As proven by this year’s Yo La Tengo Murders the Classics – an odds and sods collection of covers the band has done by request at radio shows – Yo La Tengo has a near-comprehensive understanding of rock history and a near-fearless willingness to explore it. The fuzzy swirling organ and frantic drumming of “I Should Have Known” show that the band hasn’t lost any of their affection for Nuggets-era garage rock, as does the chugging post-rockabilly stomp of bassist James McNew’s “Watch Out for Me Ronnie” that follows. More familiar is the Byrdsy jangle pop of “The Race is on Again,” with Kaplan’s 12-string electric guitar weaving pensive lassos around his and Hubley’s reassuringly cooed rejoinders.

Though much of the album’s character is founded on the less serious moments, it would be very wrong to assume that the album is therefore clogged with insubstantial throwaways.
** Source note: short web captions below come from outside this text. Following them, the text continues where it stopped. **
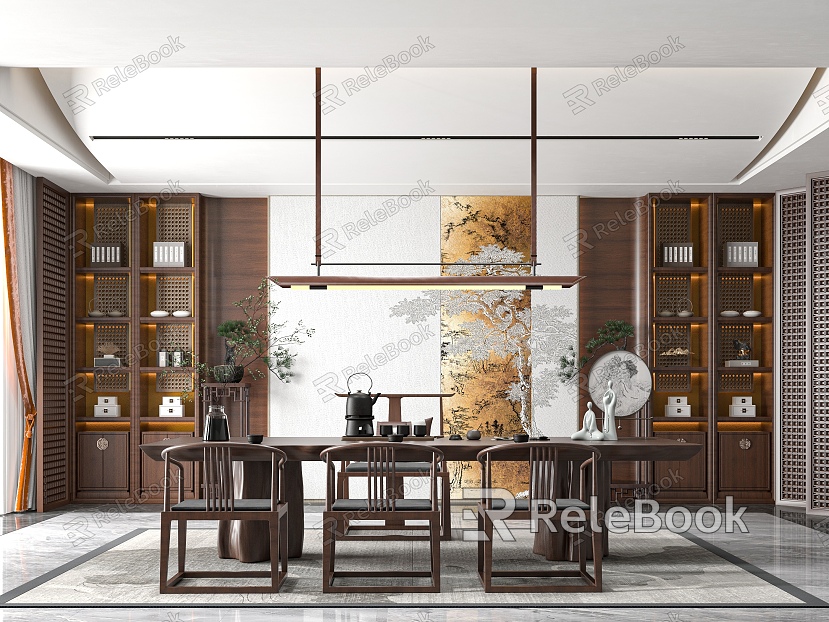 New Chinese Style Tea Room Tea Table and Chair Combination Tea Tasting Area Chandelier Decorative Cabinet model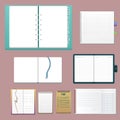 Set of open realistic notebooks with pages diary office sheet template booklet and blank paper education copybook Royalty Free Stock Photo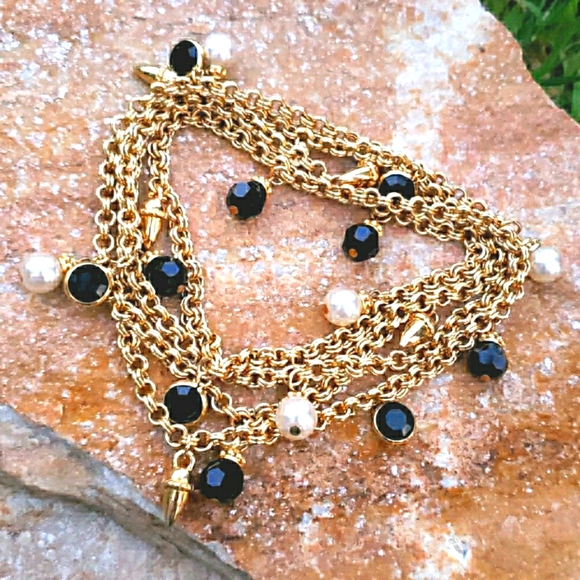 Vtg Swarovski Crystal Gold Charm Necklace Necklace - Picture 3 of 6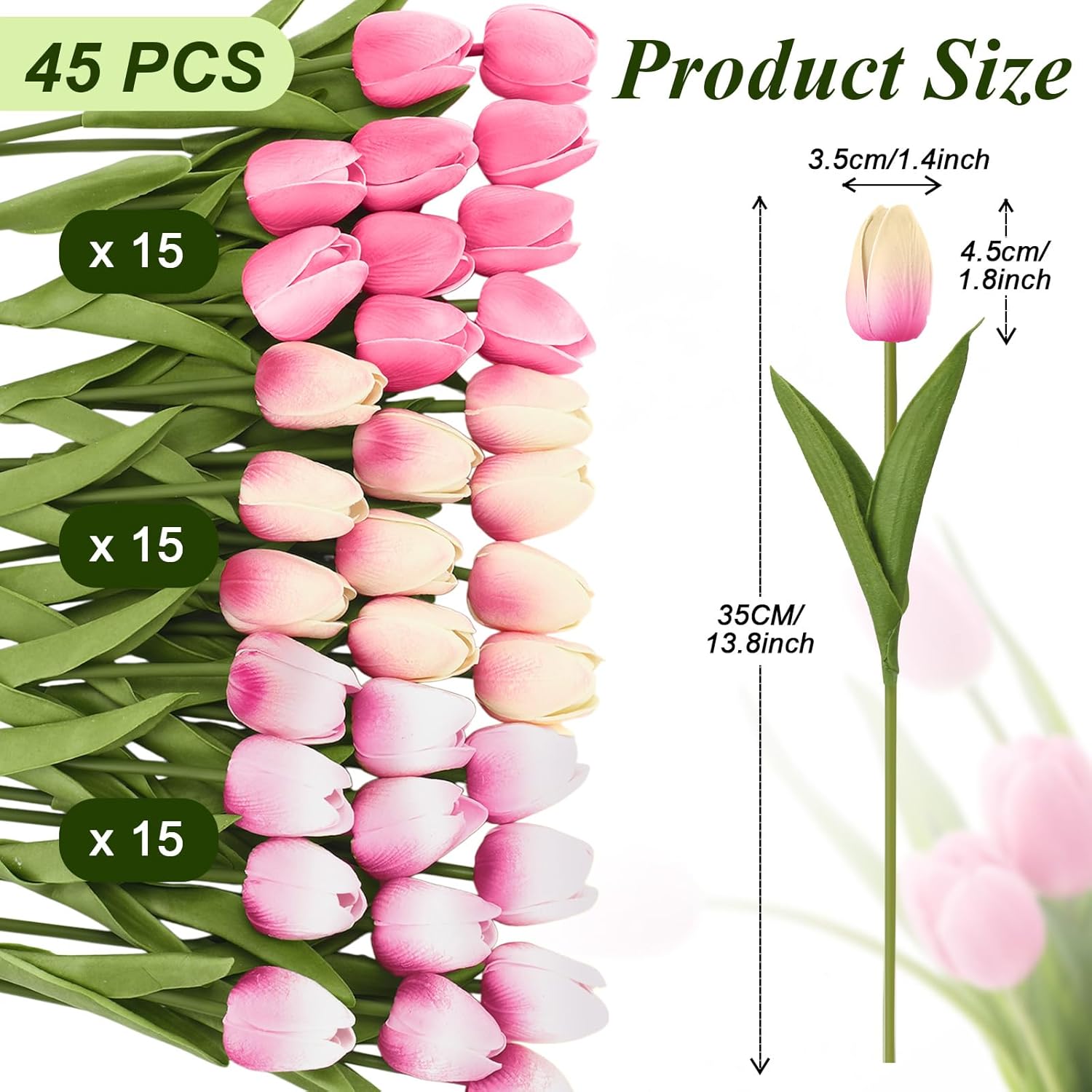 Janinka 45pcs Artificial Tulip Flowers Fake PU Tulips Faux Latex Bouquet Flower Centerpieces Arrangement Floral for Mother Day Wedding Spring Decorations (Pink)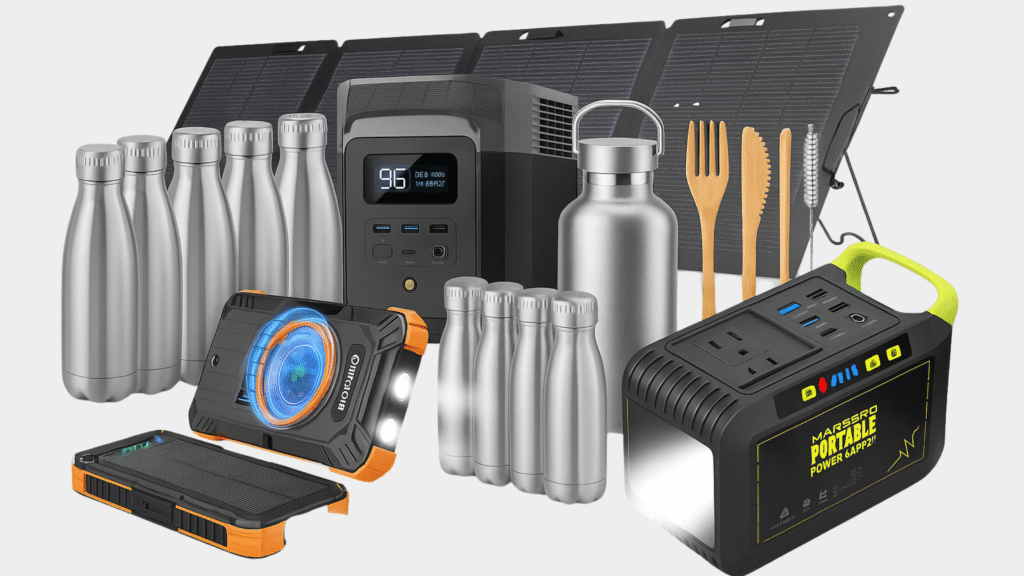 Eco travel kit with solar generator, power banks, stainless steel bottles, and bamboo cutlery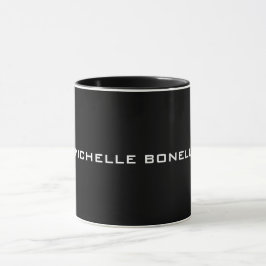 Schwarz Minimalistisch Schlicht Modern Ihr Name Tasse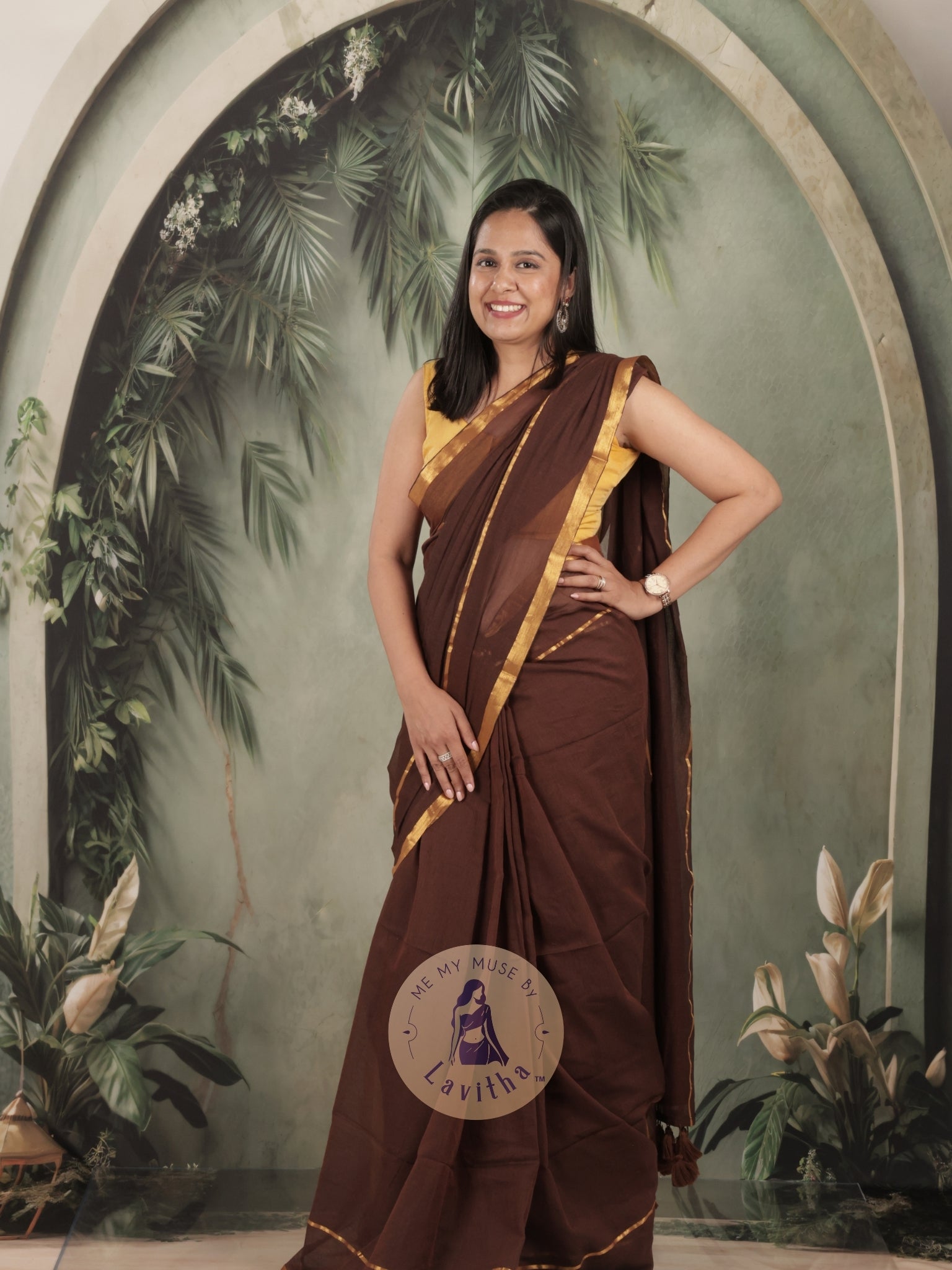 G-Siren Mocha Mul Cotton Saree with Gold Border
The burned out atmosphere and plaintively understated Hubley vocal in “I Feel Like Going Home” clearly evoke the song’s title, with bittersweet violin lines and thoughtfully probing guitar lines adding to the sense of loss and longing. Even better is the beautifully sighing “Black Flowers,” a gorgeous patchwork of bubbling strings and woodwinds that ranks among the best chamber pop songs to appear since the Left Banke retired their string section.

Given that Yo La Tengo made their reputation on their deep knowledge of the rock canon and their ability to combine a myriad of influences into a distinctly original whole, this album works as a de facto showcase of everything they’ve done well. Always an outstanding guitarist, Ira Kaplan sounds positively invigorated, snapping off some of his most antisocially scrambled riffs ever to grace a Tengo album on “Pass the Hatchet…” More than anything, this sounds like a band having fun again, settling down in the studio with no particular game plan and coming out with an album that is unified only by the sense that everything sounds like it was produced by a band that never knew what the next song was going to sound like.

All in all, I’m Not Afraid of You is nothing new, even for Yo La Tengo, but for a band that has donned nearly every stylistic shade at one time or another, the only thing that remained for them was to wear them all at once. All of the eclectic shape-shifting does leave the album without a clear conceptual center, and it’s unlikely to ever eclipse their more definitively focused efforts. What is likely is that it will emerge as one of their most loved lesser works, the album that you reach for when you’re on a road trip and want to hear one band play their own private mix tape for you.

Sound
Ranging from crisply textured arrangements of strings and horns to hazy layers of guitar and organ distortion, the album’s 15 tracks are appropriately and consistently produced. Ultimately, little has changed about the way their albums have been produced over the last 15 years, and they’ve never made the transition to glossy hi-fidelity. As usual, the band opts for reverb and wall-of-sound unison over meticulous precision or polish. As always, it suits them perfectly.